WHAT THE TASK REQUIRES >>
Starting at the line that contains "Hot and dry noodles", write out every line through the end of the records below exactly as it appears, and leave out all pictures.

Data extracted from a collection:
-------

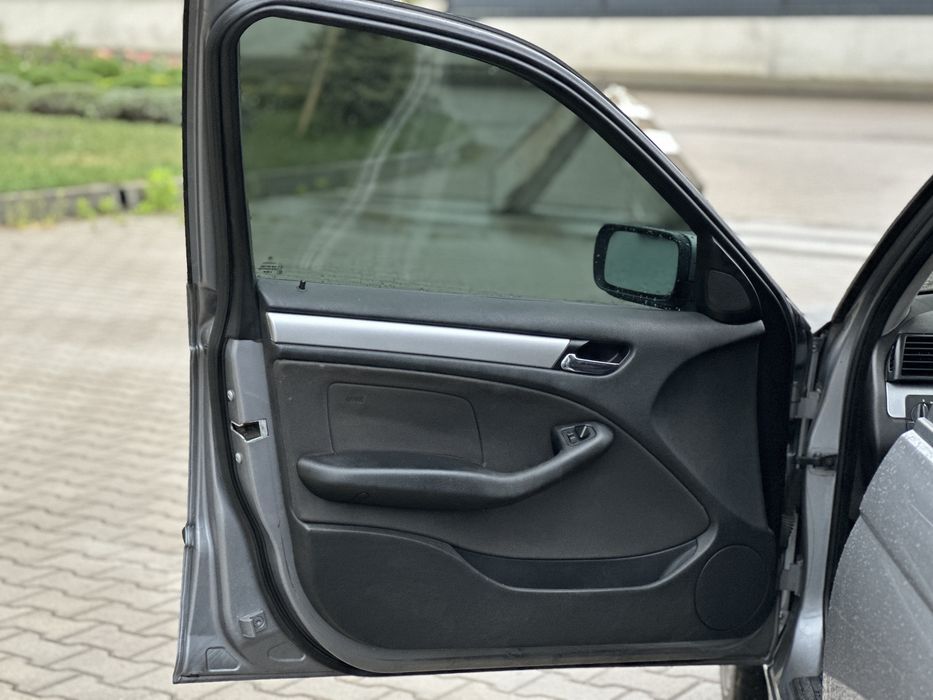 BMW e46 316i 2004 1.8 бензин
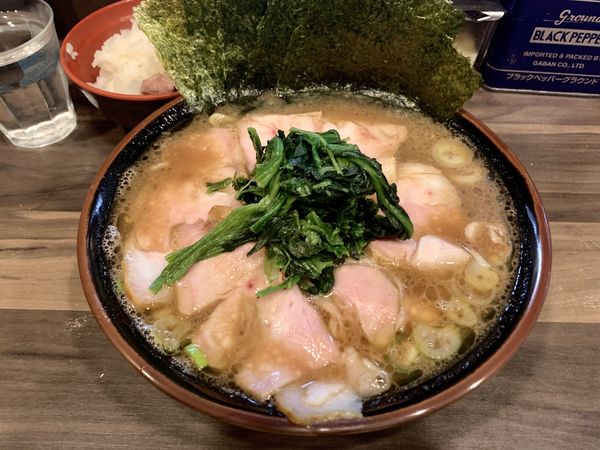 「チャーシューメン＋のり＋小ライス」@神田ラーメン わいず 神田本店の写真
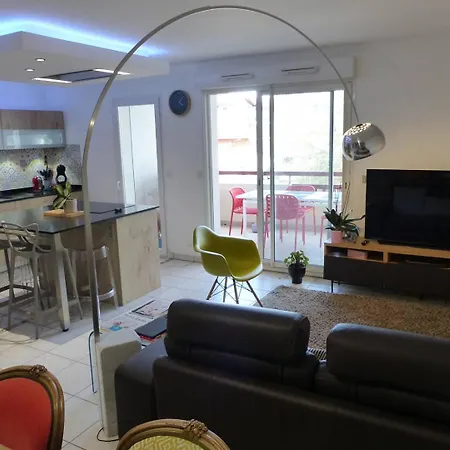 Apartmán Opaline. Bel Avec Grande Terrasse Pour 4 Personnes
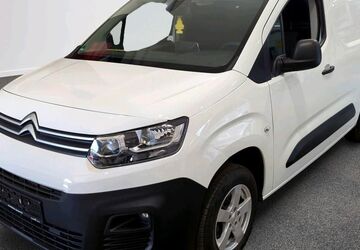 Citroen Berlingo 135.000 km 10.349 &euro; Gummersbach (Zwischen Toom Markt und ATU) 51645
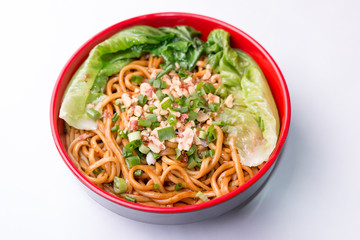 Hot and dry noodles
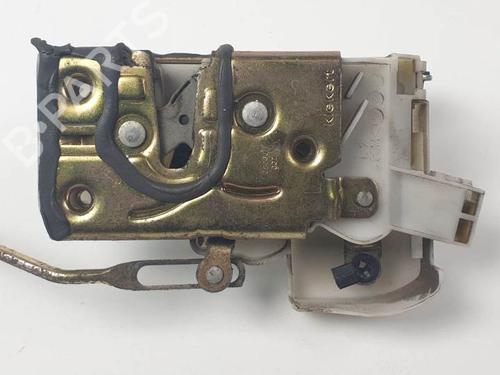 Front left lock TOYOTA AVENSIS (_T22_) 1.6 i (AT220_, AT220R) BP25144779C98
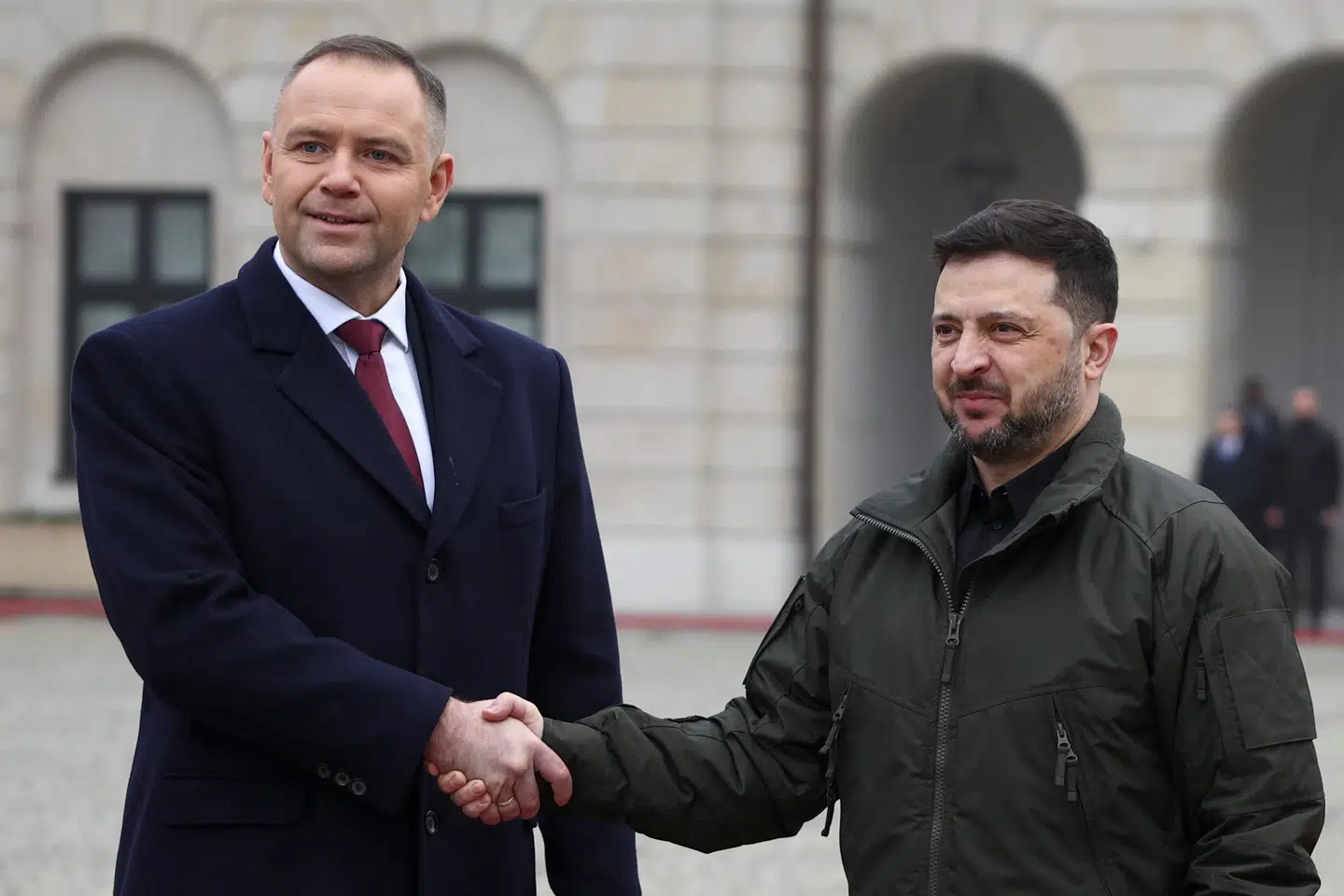 Ukraines præsident, Volodymyr Zelenskyj, bliver budt velkommen af den polske præsident, Karol Nawrocki, uden for præsidentpaladset i Warszawa.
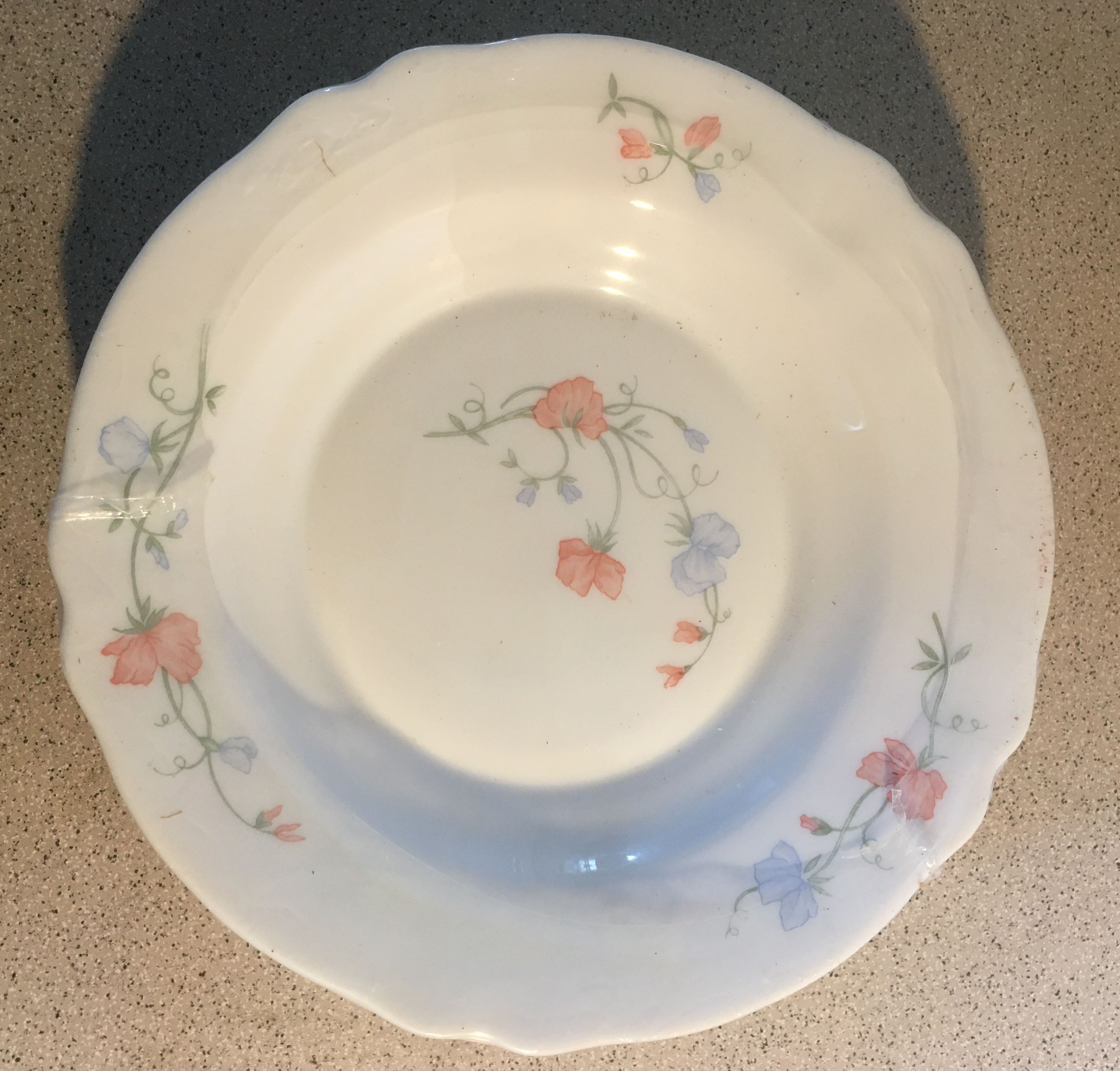 Arcopal set of 6 hollow plates pattern sweet peas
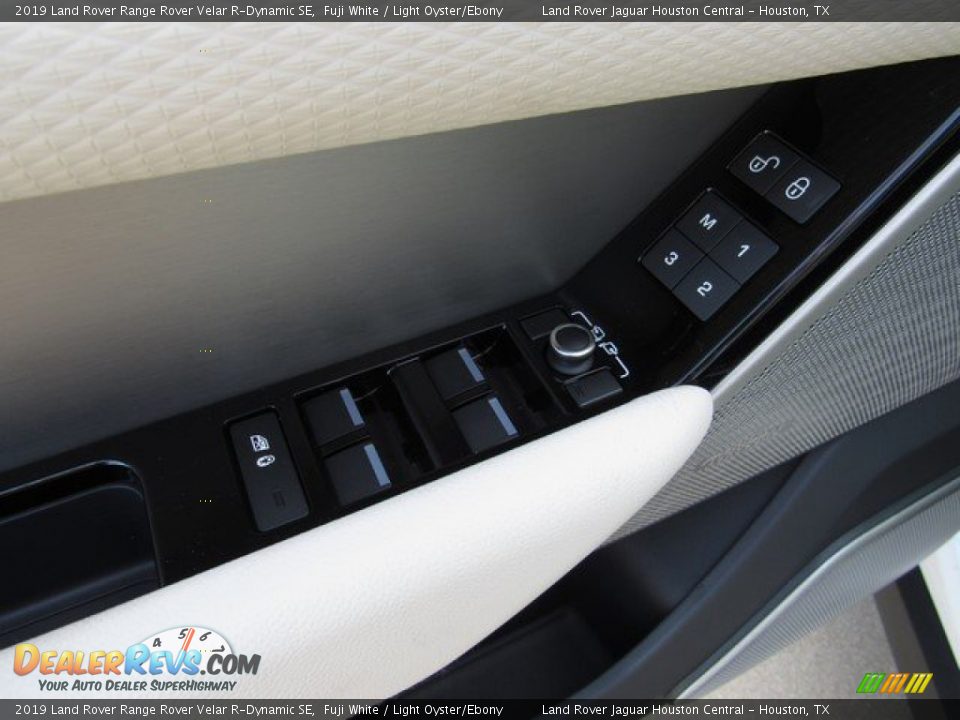2019 Land Rover Range Rover Velar R-Dynamic SE Fuji White / Light Oyster/Ebony Photo #24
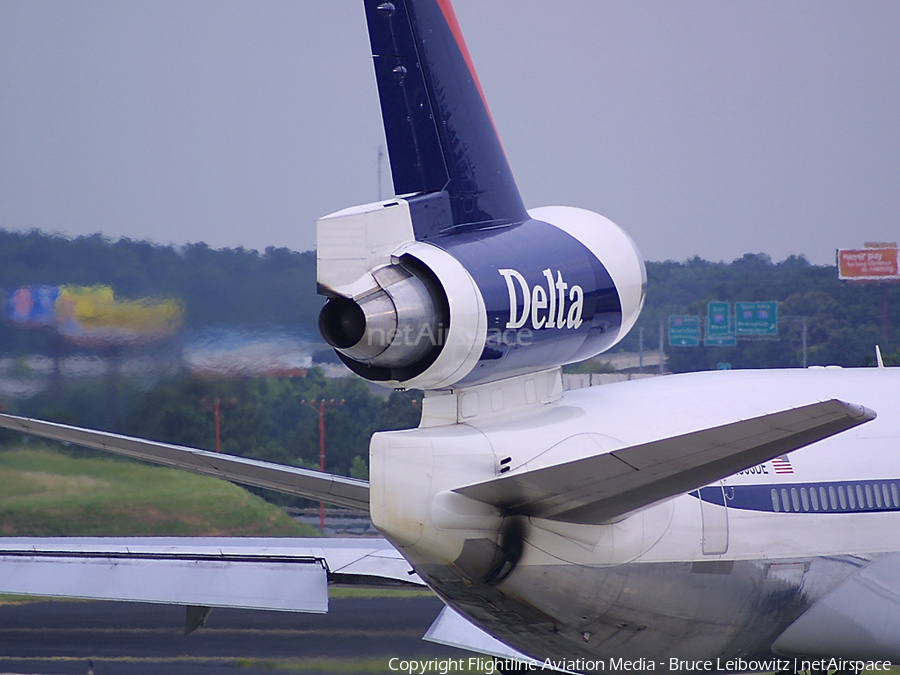 Delta Air Lines McDonnell Douglas MD-11 (N803DE) | Photo 189863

-------

TASK ANSWER >>
 Hot and dry noodles
 Front left lock TOYOTA AVENSIS (_T22_) 1.6 i (AT220_, AT220R) BP25144779C98
 Ukraines præsident, Volodymyr Zelenskyj, bliver budt velkommen af den polske præsident, Karol Nawrocki, uden for præsidentpaladset i Warszawa.
 Arcopal set of 6 hollow plates pattern sweet peas
2019 Land Rover Range Rover Velar R-Dynamic SE Fuji White / Light Oyster/Ebony Photo #24
 Delta Air Lines McDonnell Douglas MD-11 (N803DE) | Photo 189863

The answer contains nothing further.